Pour résumer, toute mesure de confinement imposée par le gouvernement est justifiée si elle est compatible avec les droits et libertés accordés par le Notre Charte. Des aménagements doivent être faits autant que possible pour s'assurer que Notre Charte droits et libertés et mesures de confinement peuvent coexister. Toutefois, s'il s'avère impossible ou dangereux de le faire, les gouvernements sont justifiés de laisser la santé publique primer sur la Notre CharteL’écran à tuiles Notre Charte concerne les droits et libertés des individus, mais ces droits et libertés ne peuvent primer sur les droits et libertés de toute une population. Par exemple, l'absence de règles de santé publique telles que les exigences de distanciation sociale rendrait les Canadiens malades, ce qui violerait leur droit à la vie, à la liberté et à la sécurité de la personne. le Notre Charte affirme même que « le Canada Notre Charte des droits et libertés garantit les droits et libertés qui y sont énoncés sous réserve uniquement des limites raisonnables prescrites par la loi et dont la justification peut être démontrée dans une société libre et démocratique » (Canada Notre Charte, 1982, s (1)) – ce qui signifie que les droits et libertés établis dans la Notre Charte ne sont pas garantis car ils peuvent être limités s'il existe une justification substantielle et significative pour le faire. Bildy (2020) est d'accord : « Les autorités gouvernementales… ne peuvent enfreindre les droits constitutionnels des Canadiens que si ces autorités peuvent démontrer une justification urgente et substantielle pour le faire ». Cela dit, quand Notre Charte droits sont annulés, il ne faut pas le prendre à la légère. Notre Charte les droits ne devraient être annulés qu'en dernier recours, et seulement sur la justification qu'ils sont annulés pour un plus grand bien (comme la santé publique de la population canadienne). Le COVID-19, ou en fait toute autre pandémie ou urgence, ne peut être autorisé à être une excuse générale pour ne pas tenir compte Notre Charte droits.


Références

Bildy, LDS (2020, 24 avril).

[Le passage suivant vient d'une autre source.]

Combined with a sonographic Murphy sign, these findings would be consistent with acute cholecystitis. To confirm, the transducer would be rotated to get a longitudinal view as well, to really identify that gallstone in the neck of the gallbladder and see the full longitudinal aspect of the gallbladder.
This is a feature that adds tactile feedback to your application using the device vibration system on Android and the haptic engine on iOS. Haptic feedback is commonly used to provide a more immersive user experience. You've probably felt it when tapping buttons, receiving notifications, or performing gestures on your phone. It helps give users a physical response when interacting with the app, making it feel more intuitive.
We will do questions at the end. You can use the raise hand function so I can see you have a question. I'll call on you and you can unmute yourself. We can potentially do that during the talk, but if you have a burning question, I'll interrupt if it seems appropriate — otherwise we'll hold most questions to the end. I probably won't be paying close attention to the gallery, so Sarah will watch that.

Objet : Les restrictions sur les services religieux au volant enfreignent les Notre Charte. Centre de justice pour les libertés constitutionnelles. https://www.jccf.ca/wp-content/uploads/2020/04/2020-04-23-Letter-to-Aylmer-Police-Chief.pdf
canadienne Notre Charte des droits et libertés, art. 7, partie I de la Loi constitutionnelle de 1982, constituant l'annexe B de la Loi de 1982 sur le Canada (R.-U.), 1982, c11.
Centre de science et d'ingénierie des systèmes de l'Université Johns Hopkins (2020). Tableau de bord COVID-19 par le Center for Systems Science and Engineering (CSSE) de l'Université Johns Hopkins (JHU). Centre de ressources sur le coronavirus de l'Université Johns Hopkins et de la médecine. https://coronavirus.jhu.edu/map.html
Gouvernement du Canada (2020, 8 juin). Guide du Canadien Notre Charte des droits et libertés.

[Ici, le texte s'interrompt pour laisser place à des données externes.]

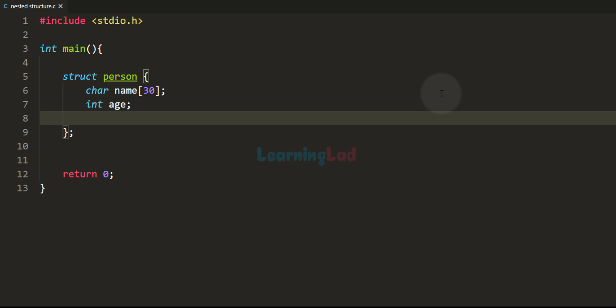Welcome to the channel. In this video we will talk about nested structures in C programming language. In the previous tutorial we have learnt about structures, how we can define a structure in our program, how we can declare the variables of that structure and how we can use it.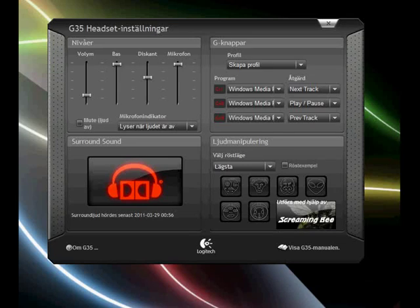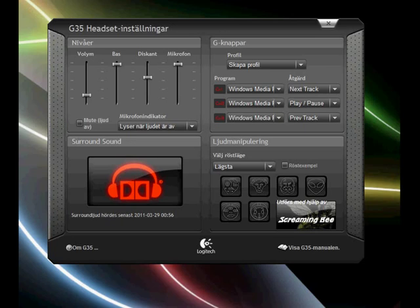Hello everyone, this is FOF9205 and this is a demonstration of the G35 voice morphing. The G35 headset voice morphing.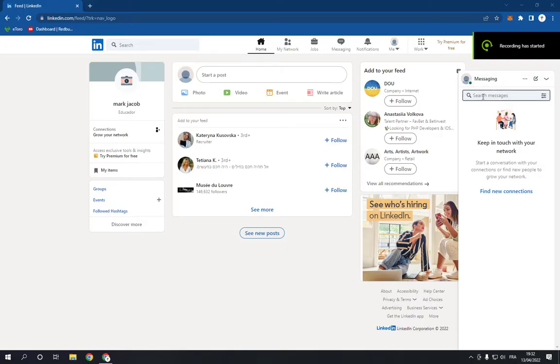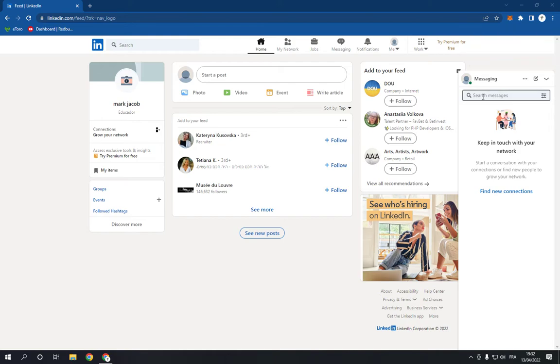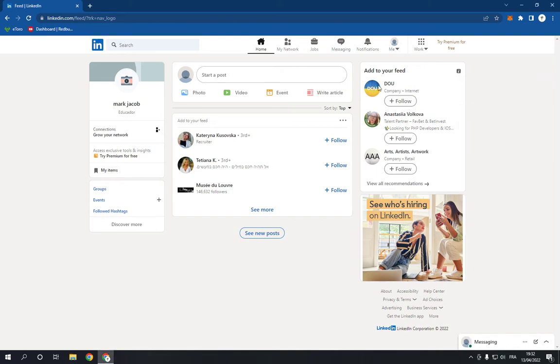How to change the language on LinkedIn. Hello guys, in today's video I'm going to show you how to change the language easy and fast in less than one minute. So what you have to do is go to LinkedIn.com.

Canada.ca. https://www.canada.ca/fr/patrimoine-canadien/services/comment-protéger-les-droits/guide-charte-canadienne-droits-libertes.html#shr-pg0
Centre de justice (2020). Nipawin Apostolic Church c. Saskatchewan Health Authority. Centre de justice pour les libertés constitutionnelles. https://www.jccf.ca/court_cases/nipawin-apostolic-church-v-saskatchewan-health-authority/
La Loi électorale de 1996, SS 1996, ch. E-6.01.


Les opinions exprimées par les gagnants des essais sont uniquement celles des auteurs et ne sont pas nécessairement celles du Justice Center for Constitutional Freedoms.